- _EXERCISE REQUIREMENTS_:
Please repeat the whole listing exactly, but leave the pictures out.

- _MATERIAL SUPPLIED_:

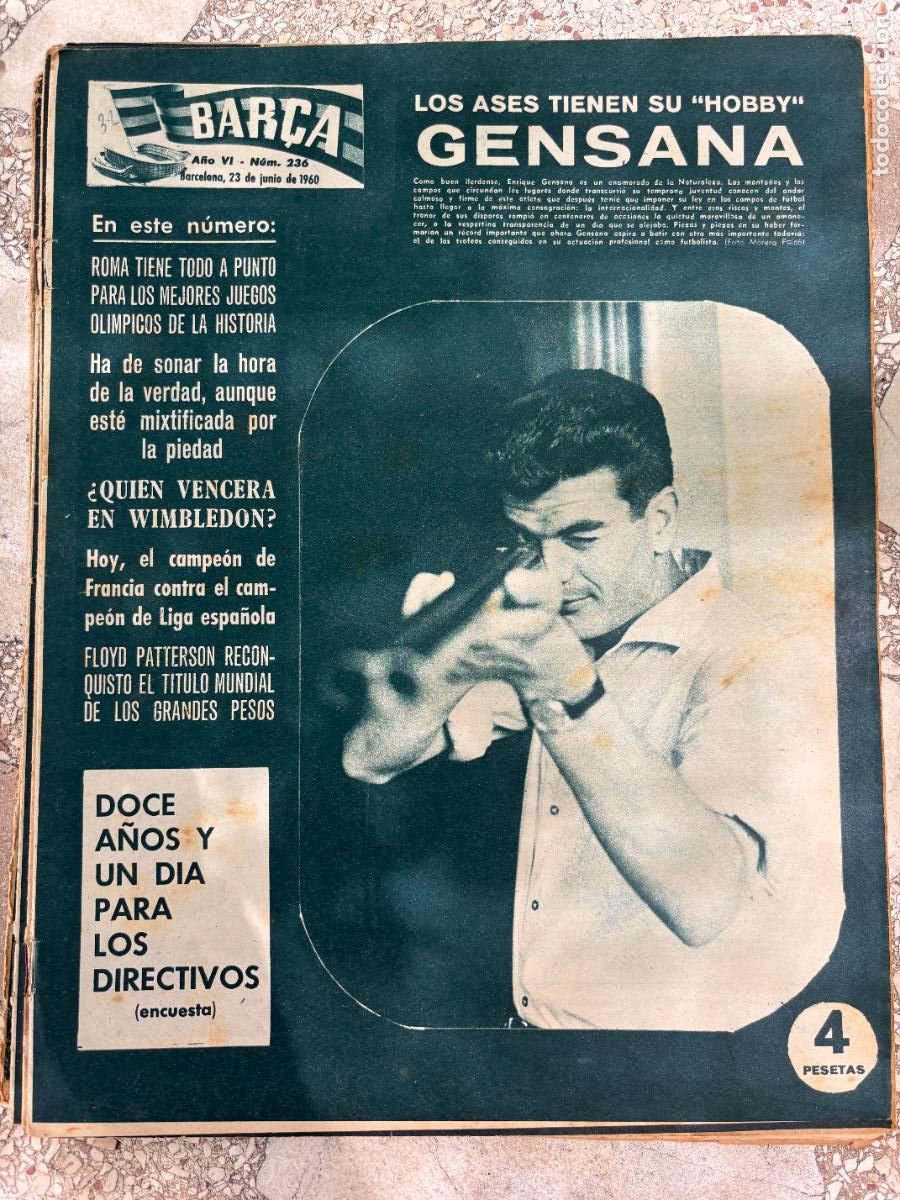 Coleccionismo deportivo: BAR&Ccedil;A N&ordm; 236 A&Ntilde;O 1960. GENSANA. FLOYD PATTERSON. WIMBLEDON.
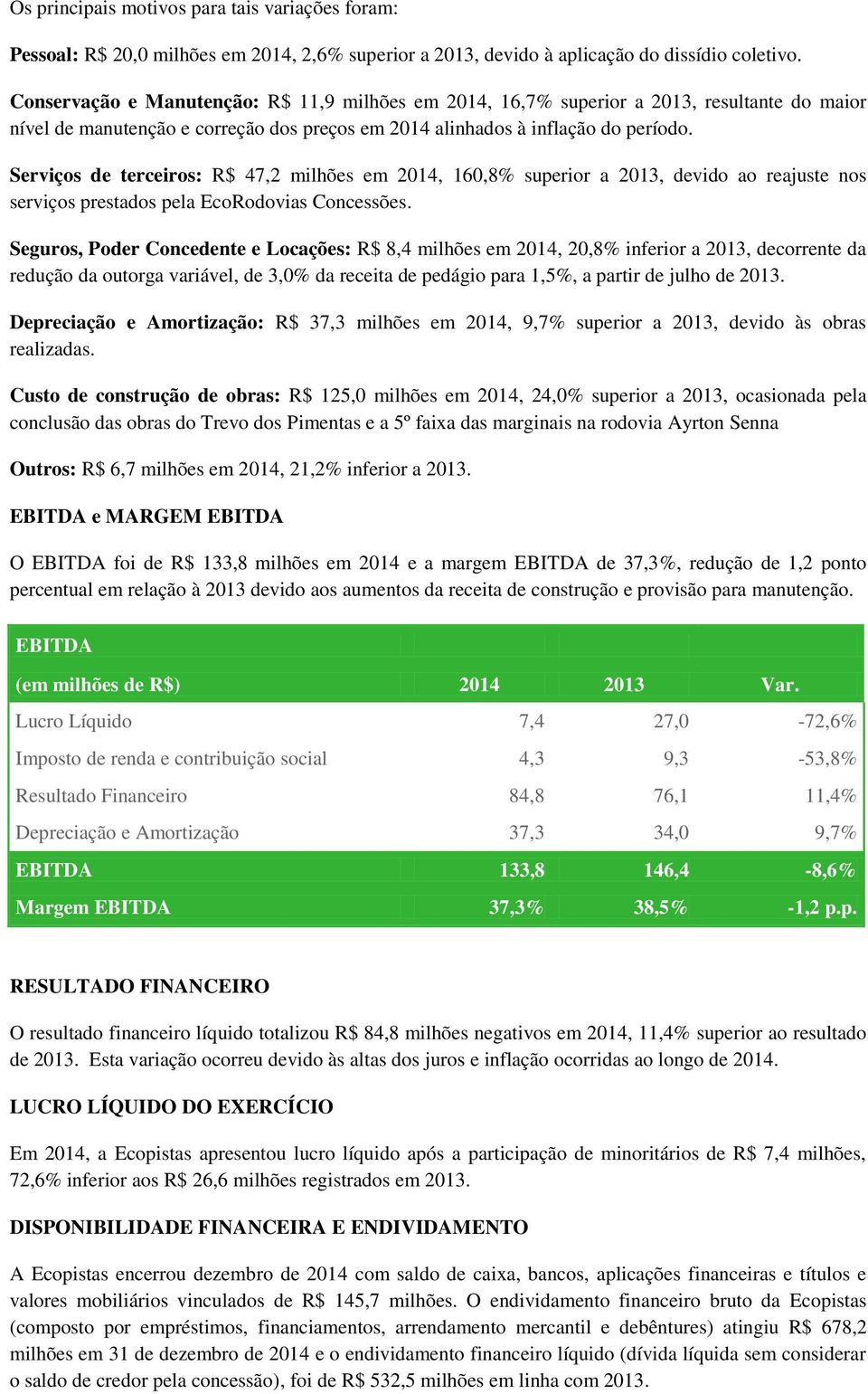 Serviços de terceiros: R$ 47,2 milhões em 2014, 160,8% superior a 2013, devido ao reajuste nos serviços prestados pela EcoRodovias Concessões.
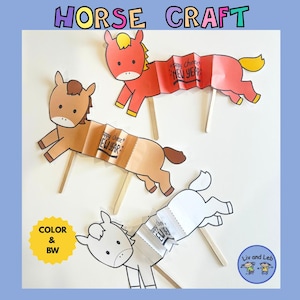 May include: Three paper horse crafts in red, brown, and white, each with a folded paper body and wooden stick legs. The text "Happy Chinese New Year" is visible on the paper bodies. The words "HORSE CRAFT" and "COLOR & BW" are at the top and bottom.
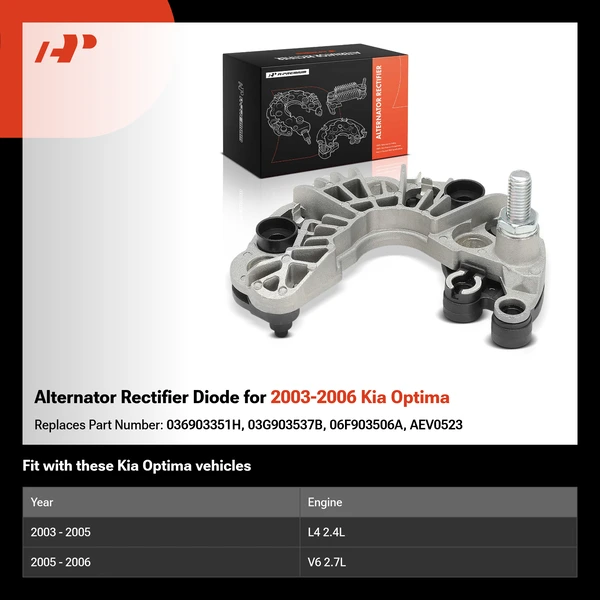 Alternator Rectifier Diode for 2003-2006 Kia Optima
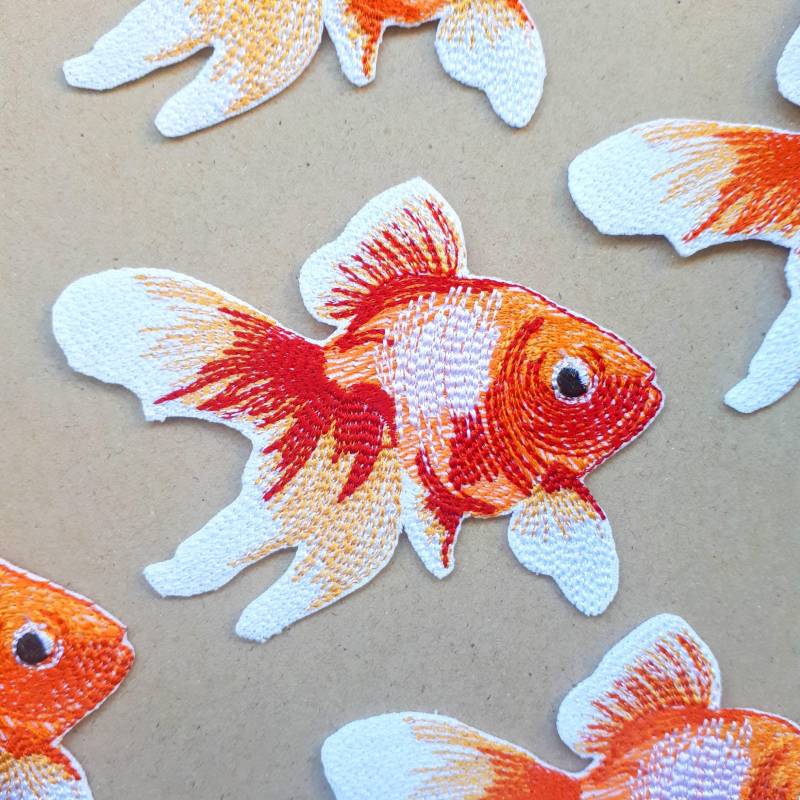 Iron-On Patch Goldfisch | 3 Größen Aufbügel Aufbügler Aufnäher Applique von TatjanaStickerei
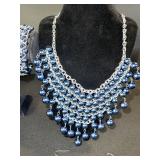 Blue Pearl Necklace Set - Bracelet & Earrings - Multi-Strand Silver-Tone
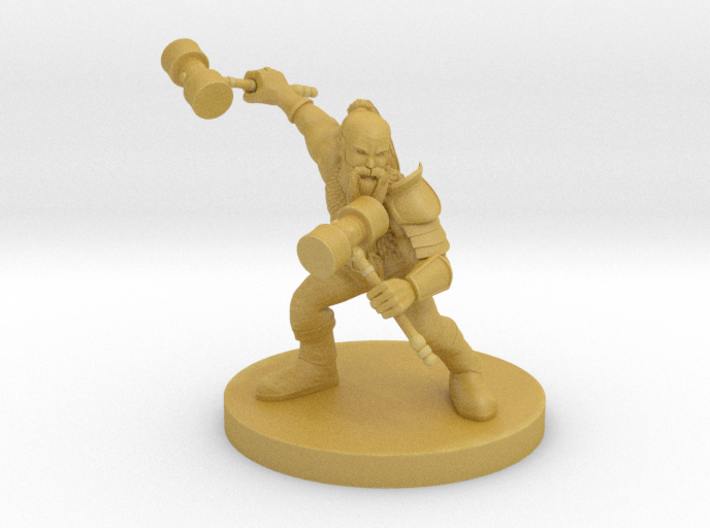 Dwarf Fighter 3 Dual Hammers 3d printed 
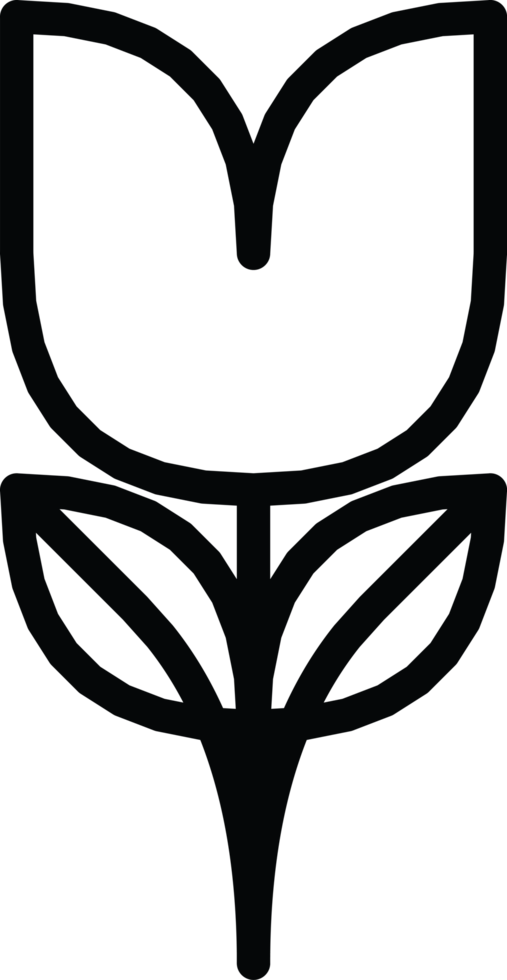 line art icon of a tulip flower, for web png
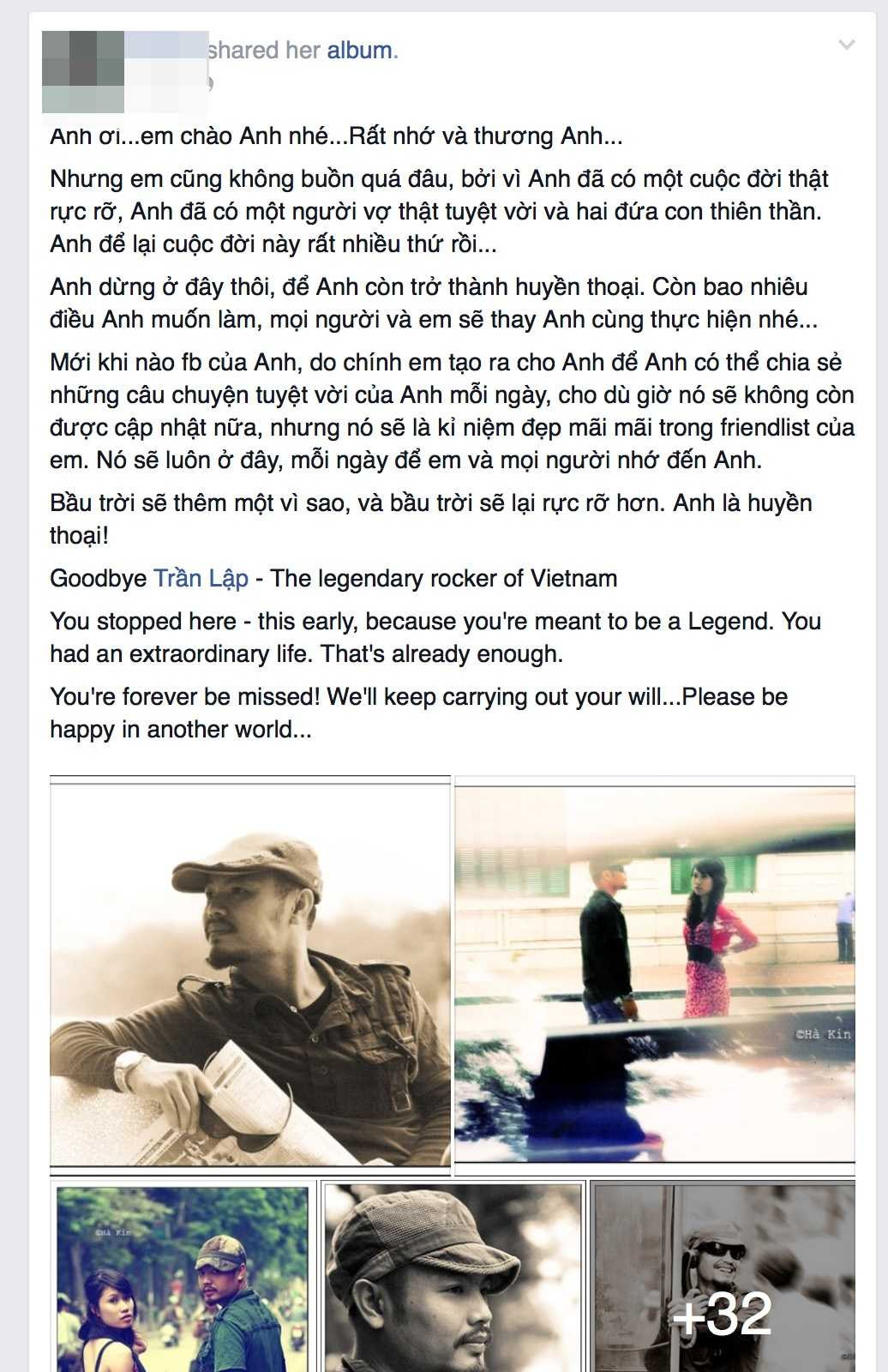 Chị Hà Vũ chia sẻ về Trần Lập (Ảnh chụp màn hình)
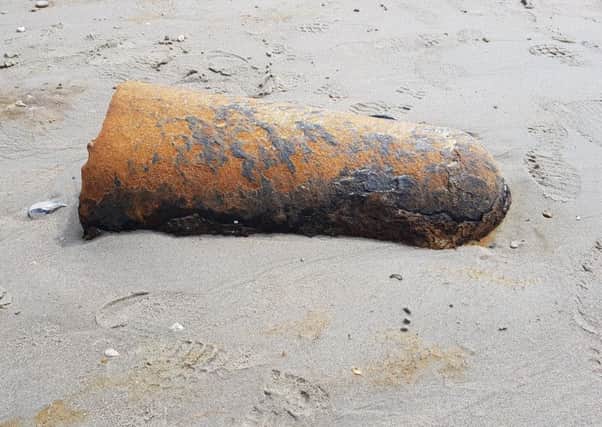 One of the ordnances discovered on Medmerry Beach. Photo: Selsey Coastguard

- _ANSWER SPACE_:
 Coleccionismo deportivo: BAR&Ccedil;A N&ordm; 236 A&Ntilde;O 1960. GENSANA. FLOYD PATTERSON. WIMBLEDON.
 Serviços de terceiros: R$ 47,2 milhões em 2014, 160,8% superior a 2013, devido ao reajuste nos serviços prestados pela EcoRodovias Concessões.
 May include: Three paper horse crafts in red, brown, and white, each with a folded paper body and wooden stick legs. The text "Happy Chinese New Year" is visible on the paper bodies. The words "HORSE CRAFT" and "COLOR & BW" are at the top and bottom.
 Alternator Rectifier Diode for 2003-2006 Kia Optima
 Iron-On Patch Goldfisch | 3 Größen Aufbügel Aufbügler Aufnäher Applique von TatjanaStickerei
 Blue Pearl Necklace Set - Bracelet & Earrings - Multi-Strand Silver-Tone
 Dwarf Fighter 3 Dual Hammers 3d printed 
 line art icon of a tulip flower, for web png
 Chị Hà Vũ chia sẻ về Trần Lập (Ảnh chụp màn hình)
 One of the ordnances discovered on Medmerry Beach. Photo: Selsey Coastguard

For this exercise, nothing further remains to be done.